No processo de hierarquização das humanidades que sustenta o racismo, a negritude é construída como perigosa — e o que é perigoso para sociedade precisa ser exterminado. A própria educação a que mães de filhos negros são obrigadas a recorrer evidencia quão perverso é esse ciclo vicioso. “Não saia de casa sem documentos, não use tal roupa, não corra, não ande sozinho são recomendações dolorosas que a branquitude não experimenta”, exemplifica Yordanna, que é também pesquisadora de relações étnico-raciais, vinculada ao Programa de Pós-Graduação em Antropologia Social da Universidade Federal de Goiás (UFG).
Mas, se essa é uma questão recorrente há séculos, por que ganhou tanta repercussão somente agora? Segundo Yordanna, devido ao maior acesso da população negra à universidade e a espaços políticos e à crescente representatividade de pessoas negras na mídia, frutos da luta de movimentos sociais, como o Movimento Negro Unificado (MNU). “Estamos ocupando espaços que, antes, eram impensáveis para a população negra, cobrando uma democracia real, resistindo ao racismo em todas as suas dimensões — estrutural, institucional e individual”, afirma.

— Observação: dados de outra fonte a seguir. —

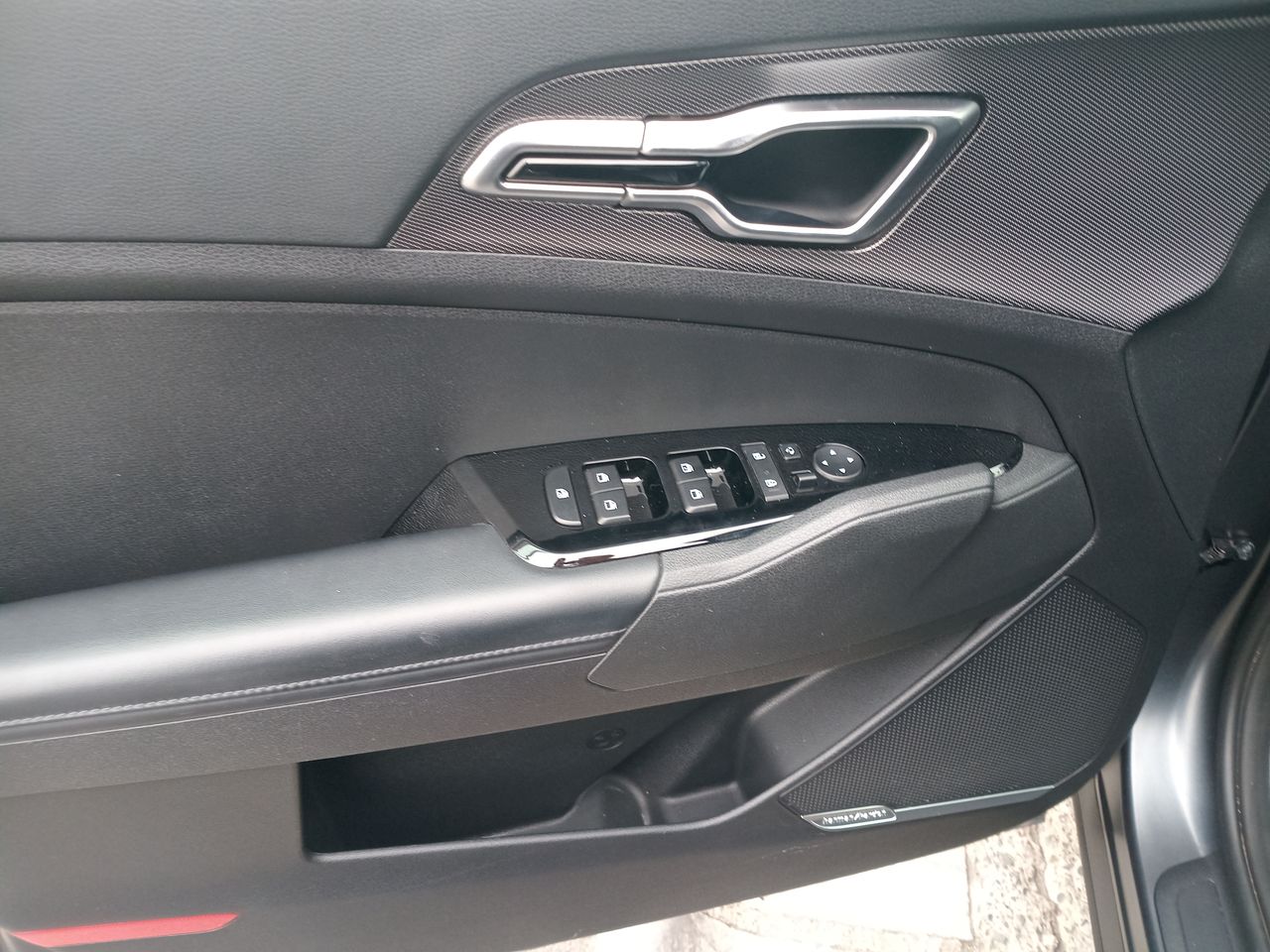 Maxus T90 — foto 21 de 35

Foi dentro das próprias comunidades negras, e das redes de apoio delas, que foram criadas e desenvolvidas as medidas mais eficientes contra o racismo. “Que são, também, resultado de medidas anteriormente tomadas, como as cotas raciais nas universidades, em concursos públicos e processos políticos”, pontua a historiadora. No entanto, o caminho ainda é longo e passa pelo reforço das políticas de cotas. “São elas que estão garantindo a presença de pessoas negras em espaços de construção e legitimação de conhecimentos, de decisão política e midiáticos”, diz Yordanna.
Pilar de sangue
Para especialistas, é no preconceito contra pessoas negras que boa parte da vida em sociedade se estrutura. “O racismo no Brasil não é apenas uma ação individual, nem apenas uma ação institucional. Ele organiza as nossas relações sociais, políticas e econômicas. O racismo atravessa nossas relações subjetivas, ele forma as nossas subjetividades”, explica a professora Andreia Marreiro, presidente do Instituto Esperança Garcia, doutoranda e mestre em direitos humanos pela Universidade de Brasília.

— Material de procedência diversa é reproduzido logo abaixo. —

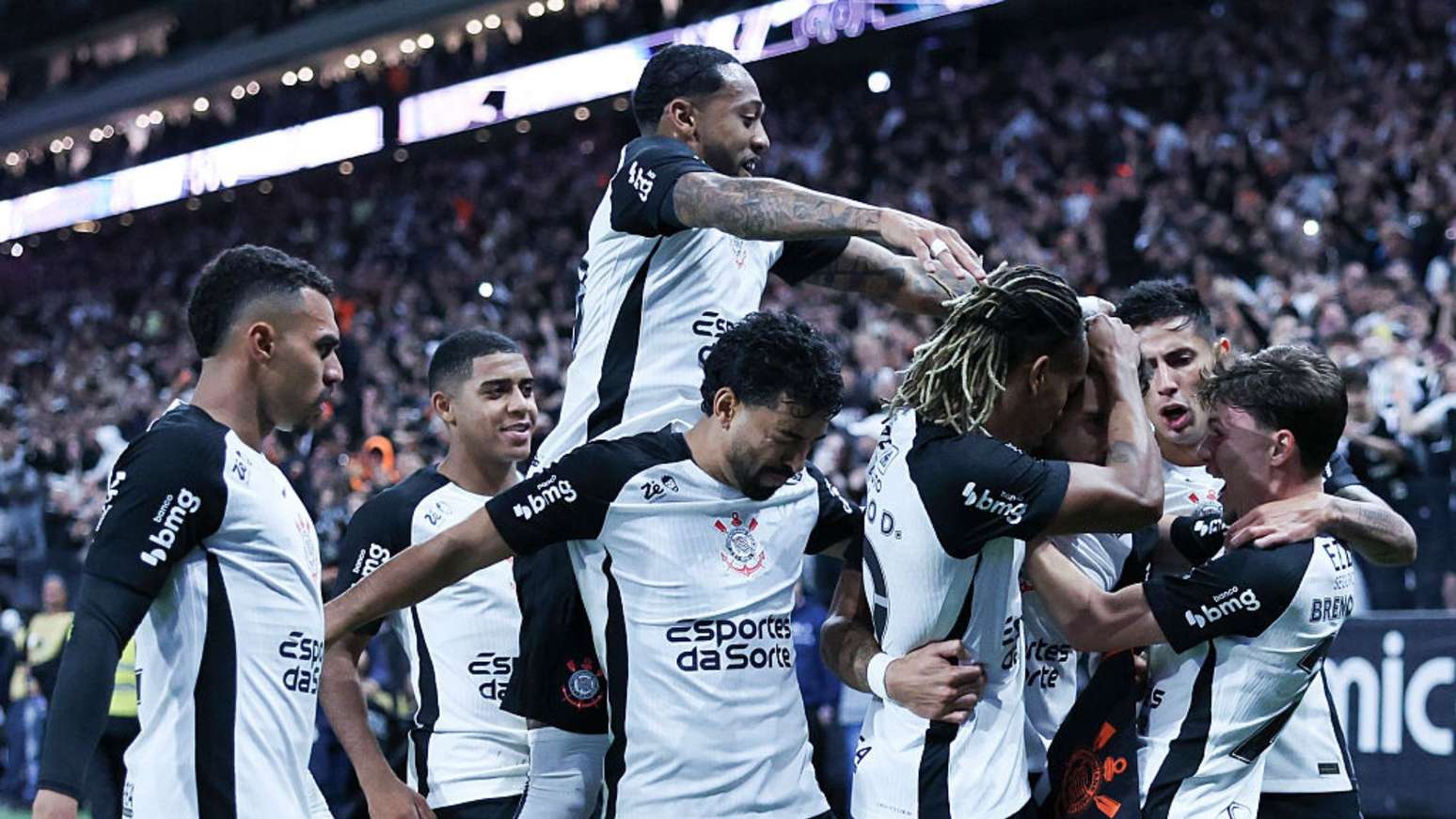 Corinthians vence São Paulo com gols de Yuri Alberto e Memphis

Com isso, o racismo acaba orientando tanto ações conscientes quanto inconscientes. “No momento pós-abolição, foi construída na intelectualidade brasileira, inclusive, um mito da democracia racial”, explica Andreia. “Politicamente, tivemos um processo de embranquecimento da população, com o incentivo da imigração de europeus. De outro lado, um projeto de afirmar que o povo brasileiro era cordial, que vivia harmonicamente com as diferenças”, conta.
Os prejuízos desse imaginário da democracia racial passam pela negação do problema. “Esse mito vai dizer que o racismo não existe, que o racismo está nos olhos de quem vê, que as pessoas que denunciam racismo estão de ‘mimimi’. São falas de silenciamento, tal qual a de que ‘em briga de marido e mulher, não se mete a colher’. Elas não assumem o problema”, completa Andreia. “Mas, sem reconhecer essa realidade, cria-se a dificuldade de enfrentá-la.”
No entender de Andreia, para combater o racismo estrutural, não basta denunciar episódios individuais do cotidiano. “É preciso construir um outro projeto de sociedade, fazer rupturas muito profundas”, afirma. “O racismo forja as relações econômicas e todas as relações sociais e políticas, por isso vemos uma baixa representatividade de pessoas negras na política, por exemplo”, pondera, destacando a importância da diversidade nas profissões e nas formas de poder.